Andrea Bonetti
Lydia Koniordou ha lasciato il teatro per diventare
ministro della Cultura. E ha avviato il motore di una rinascita che sta facendo
di Atene la capitale culturale europea. “La cultura ci ha dato coraggio negli
anni della crisi. Per questo ho riattivato i finanziamenti ai giovani artisti”.
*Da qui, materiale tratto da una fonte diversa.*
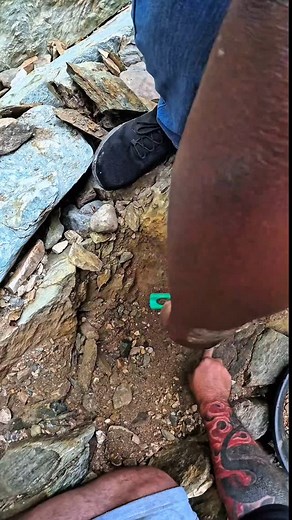 43K views · 324 reactions | This bedrock crevice has amazing gold | FishnGold | Facebook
Andrea Porcheddu, 22 Luglio 2018
Delfi - Pare proprio, a detta di molti, che Atene stia
diventando la nuova capitale culturale europea: interi palazzi disabitati da
occupare, prezzi ancora bassi, il carattere scontroso e accogliente della
città, favoriscono l’arrivo di artisti di tutto il mondo. Ma, alle spalle della
rinascita culturale greca, c’è il sincero entusiasmo per il teatro, la danza,
la musica, l’arte cui i greci non hanno rinunciato mai, nemmeno nei momenti più
aspri di crisi.
E c’è l’azione sistematica del ministero della Cultura,
guidato con sicurezza e sincera passione da Lydia Koniordou, prima donna ad
assumere l’incarico dopo la mitica Melina Merkouri. È una delle grandi attrici
tragiche (il geniale regista texano Bob Wilson l’ha definita “tesoro nazionale
greco”), eppure Lydia Koniordou non ha esitato ad abbandonare le scene per
accettare l’invito del primo ministro Tsipras.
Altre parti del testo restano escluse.